▶ _DATA RECORDS_:
Segment Open

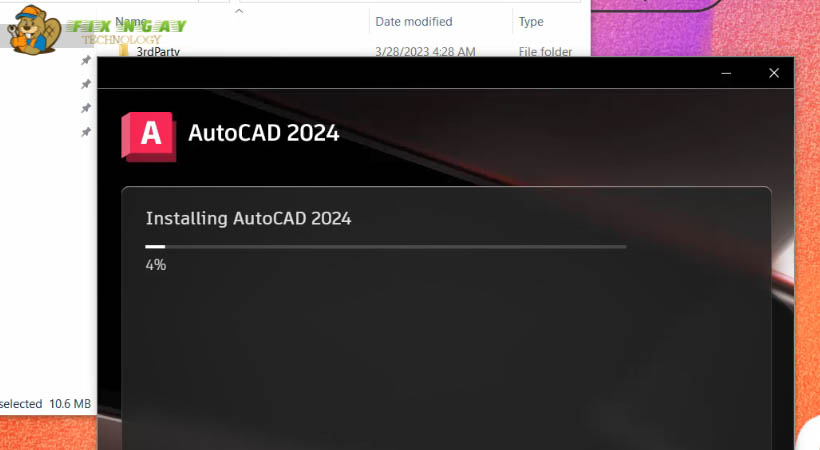 Đợi cài đặt AutoCad 2024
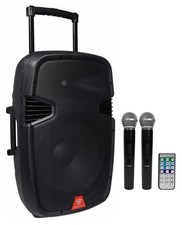 Rockville RAM15BT 15" Rechargeable Powered 800W PA DJ Speaker, 2 Mics, Bluetooth Powered Speaker price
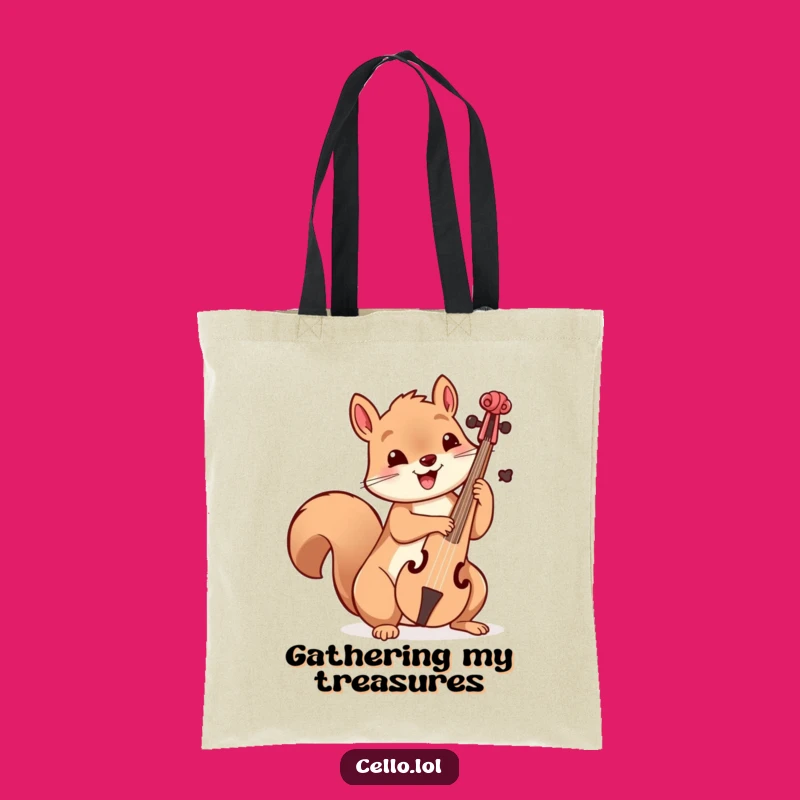 Funny Squirrel Cello Tote Bag - Carry Your Playful Treasures with Musical Charm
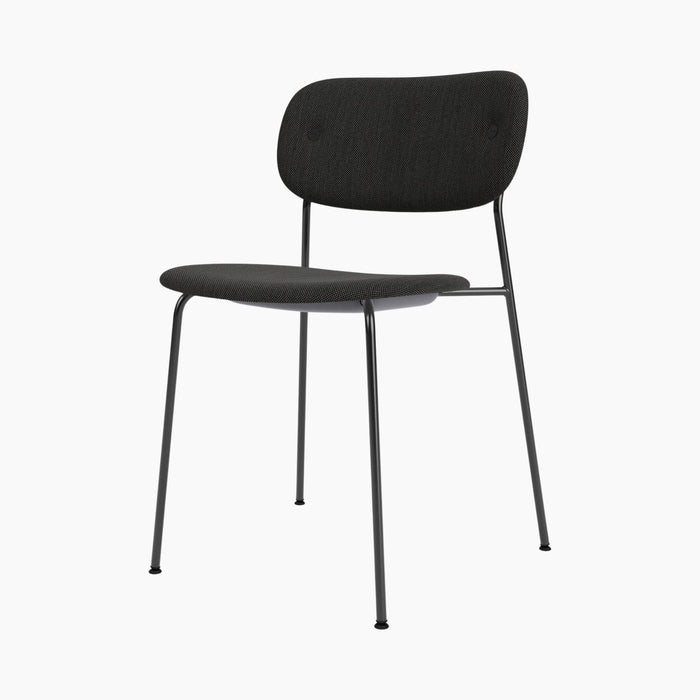 Co Dining Chair, fully upholstered, Black - Re-wool 0198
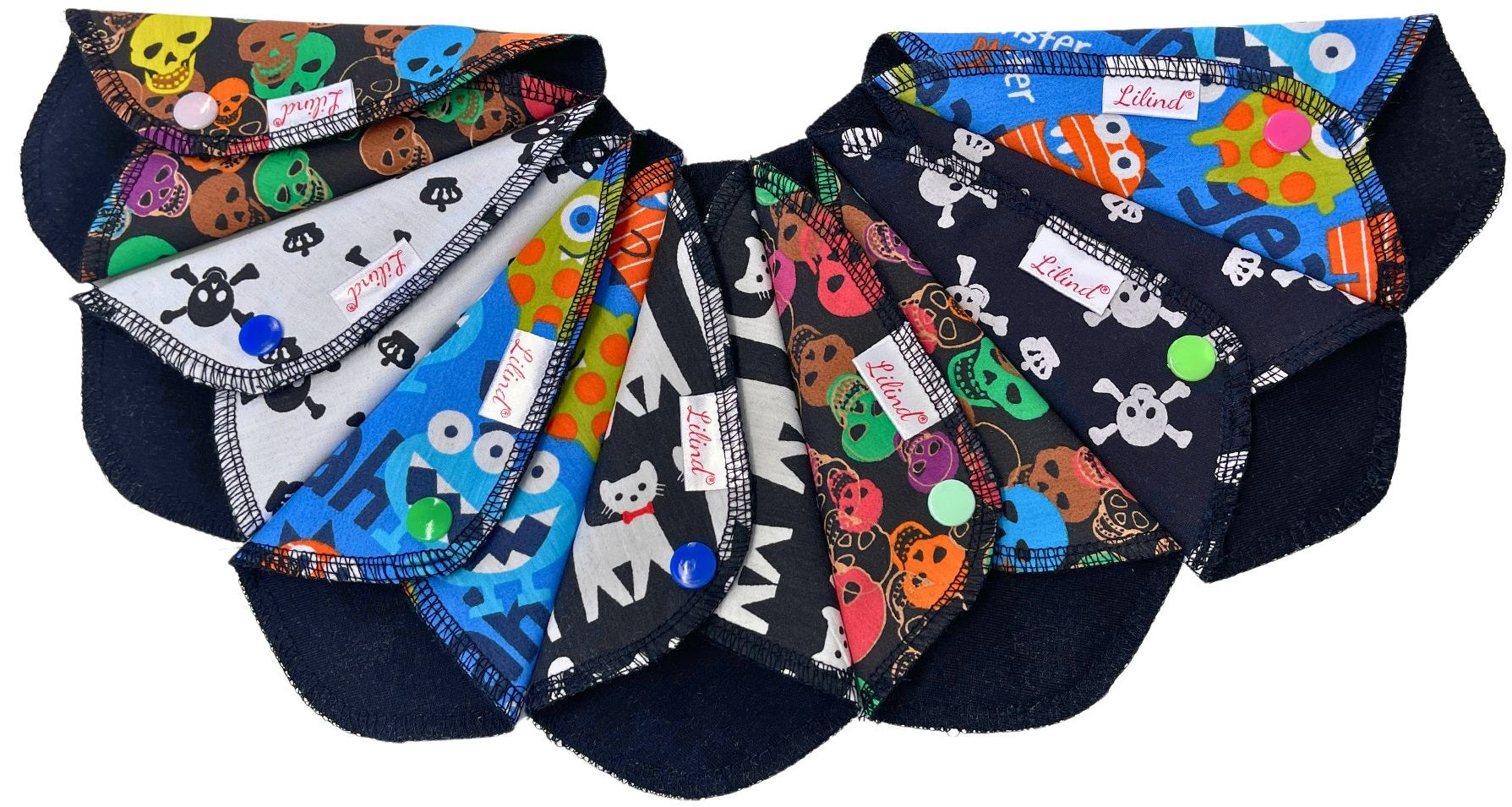 7 Pack Reusable Thong Pantyliners, Halloween Theme, Extra-Thin for Everyday usage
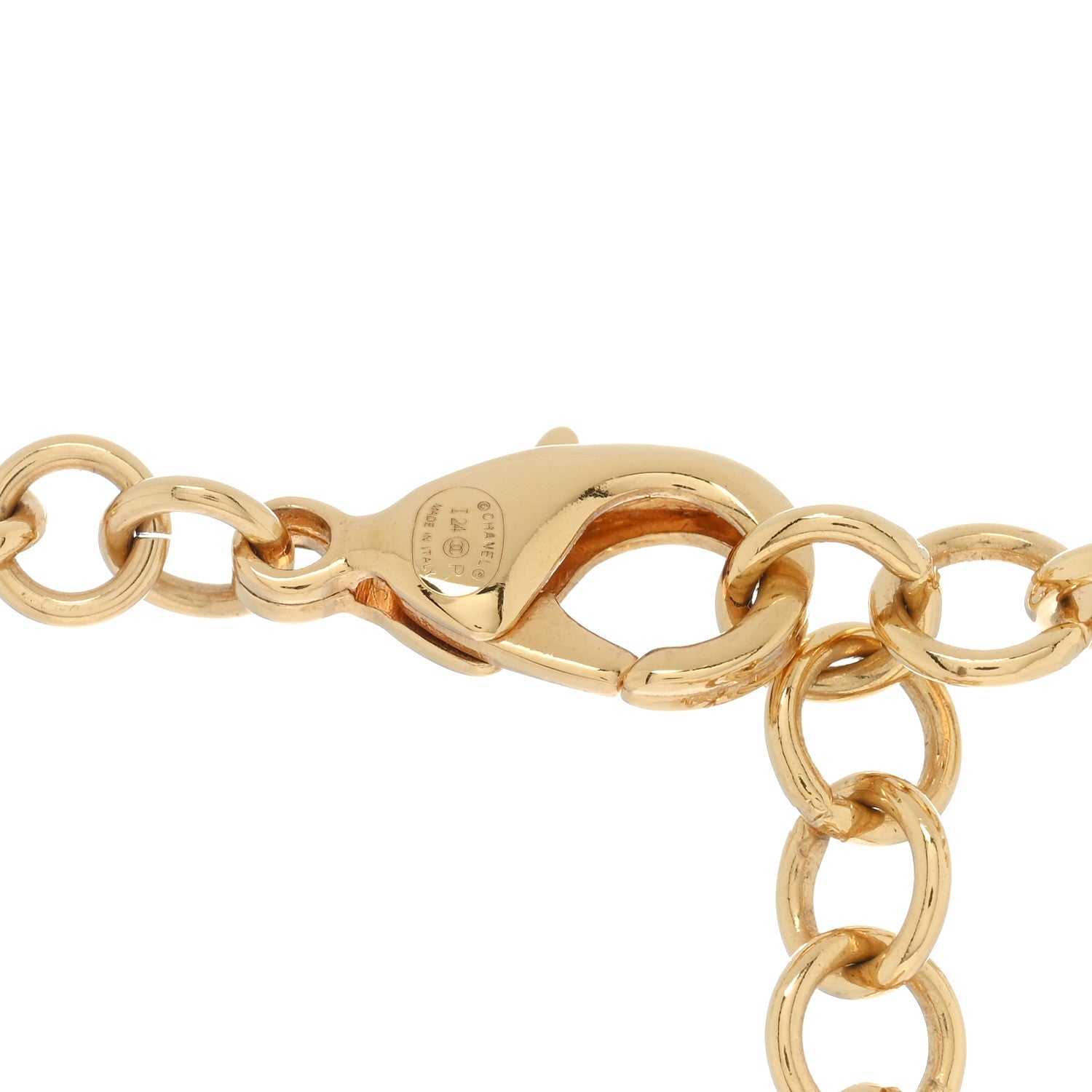 Chanel Metal Denim CC Heart Choker Gold Blue Pearly White 4 of 4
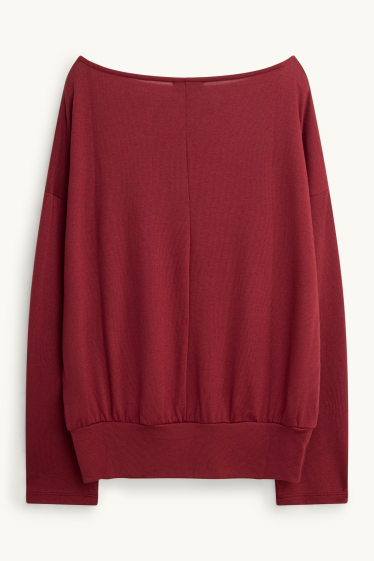 Donna - Maglia a maniche lunghe - slim fit - rosso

Segment Closed

▶ _PROBLEM TO WORK ON_:
Return all the data exactly, and keep the pictures out.

▶ _SOLUTION_:
 Đợi cài đặt AutoCad 2024
 Rockville RAM15BT 15" Rechargeable Powered 800W PA DJ Speaker, 2 Mics, Bluetooth Powered Speaker price
 Funny Squirrel Cello Tote Bag - Carry Your Playful Treasures with Musical Charm
 Co Dining Chair, fully upholstered, Black - Re-wool 0198
 7 Pack Reusable Thong Pantyliners, Halloween Theme, Extra-Thin for Everyday usage
 Chanel Metal Denim CC Heart Choker Gold Blue Pearly White 4 of 4
 Donna - Maglia a maniche lunghe - slim fit - rosso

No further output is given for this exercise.